BLanen · 3 years ago
You're describing operations done on data in memory to save memory. That list of fractions still needs to be in memory at some point. And if you're batching, this whole discussion goes out of the window.
rcoveson · 3 years ago
Why would the whole original dataset need to be in memory all at once to operate on it value-by-value and put it into an array?
forrestthewoods · 3 years ago
What an unhelpful post.

The realization that modern servers can easily persist multiple terabytes of data is profound.

The fact that some datasets are just floats and you can quantize some floats from 32-bits down to 8-bits is true but not a helpful observation.

I also don’t know where you get “Python float is 24 bytes + 8-byte pointer for each item in the list”. Wat.

tomatotomato37 · 3 years ago
There's still a difference between terabytes of data spread between RAM sticks multiple inches away from the CPU die and the megabytes of cache data close enough to the compute silicon to experience quantum effects. A modern CPU can burn through hundreds of instructions in the time it takes to resolve a thrashing cache
minitech · 3 years ago
> I also don’t know where you get “Python float is 24 bytes + 8-byte pointer for each item in the list”. Wat.

Not sure how many ways there are to reword that. A CPython float takes 24 bytes of memory, and storing them in a list means 8 bytes per item for the pointer.
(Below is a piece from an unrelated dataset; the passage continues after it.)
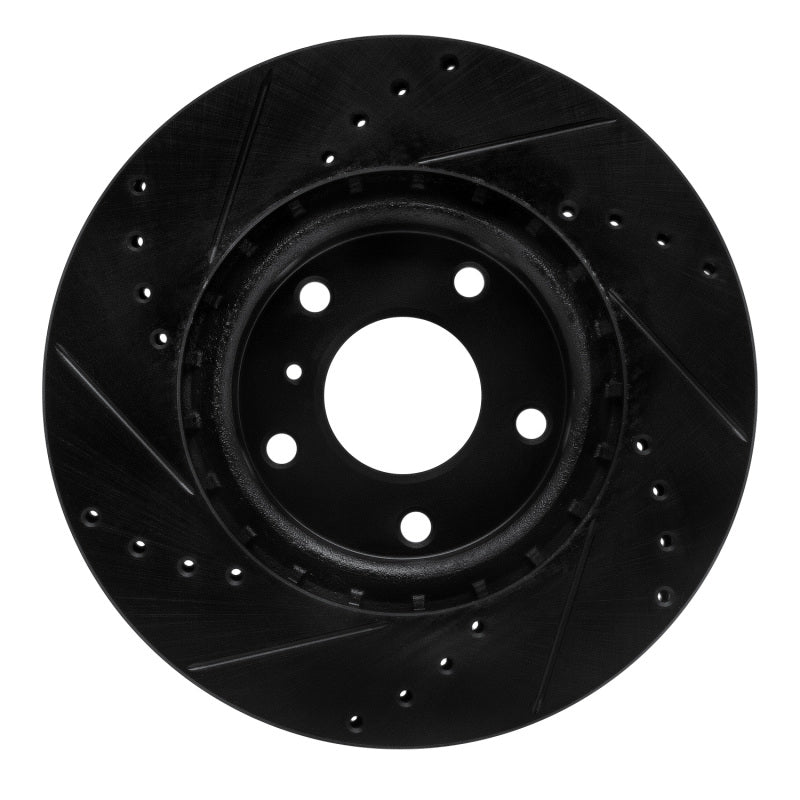 R1 Concepts R1 03-05 Infiniti G35 Front Right Drilled & Slotted Black Brake Rotor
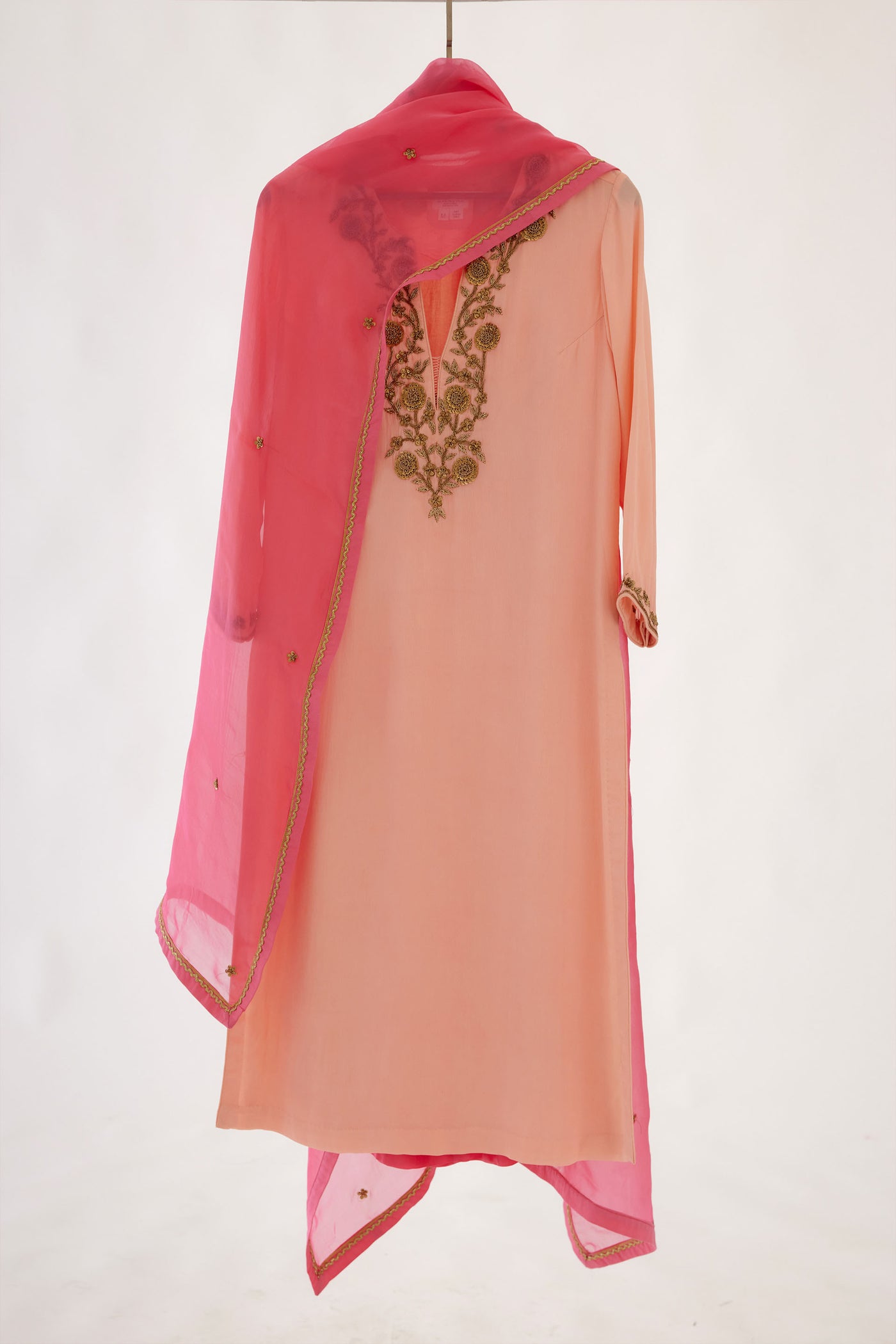 Nikasha Salmon Pink And Rani Pink Kurta Set festive indian designer wear online shopping melange singapore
So in CPython, a list of n floats takes 32n bytes of memory.

  >>> sys.getsizeof(1.0)
  24
  >>> l = list(map(float, range(62_500_000)))  # memory use goes up by >2 GB
  >>> del l  # memory use goes down by >2 GB
(no need to go straight to NumPy to avoid this when relevant, though – array.array is built in.)

marcinzm · 3 years ago
We went with this approach. Pandas hit GIL limits which made it too slow. Then we moved to Dask and hit GIL limits on the scheduler process. Then we moved to Spark and hit JVM GC slowdowns on the amount of allocated memory. Then we burned it all down and became hermits in the woods.
mumblemumble · 3 years ago
I have decided that all solutions to questions of scale fall into one of two general categories. Either you can spend all your money on computers, or you can spend all your money on C/C++/Rust/Cython/Fortran/whatever developers.

There's one severely under-appreciated factor that favors the first option: computers are commodities that can be acquired very quickly. Almost instantaneously if you're in the cloud. Skilled lower-level programmers are very definitely not commodities, and growing your pool of them can easily take months or years.

jbverschoor · 3 years ago
Buying hardware won't give you the same performance benefits as a better implementation/architecture.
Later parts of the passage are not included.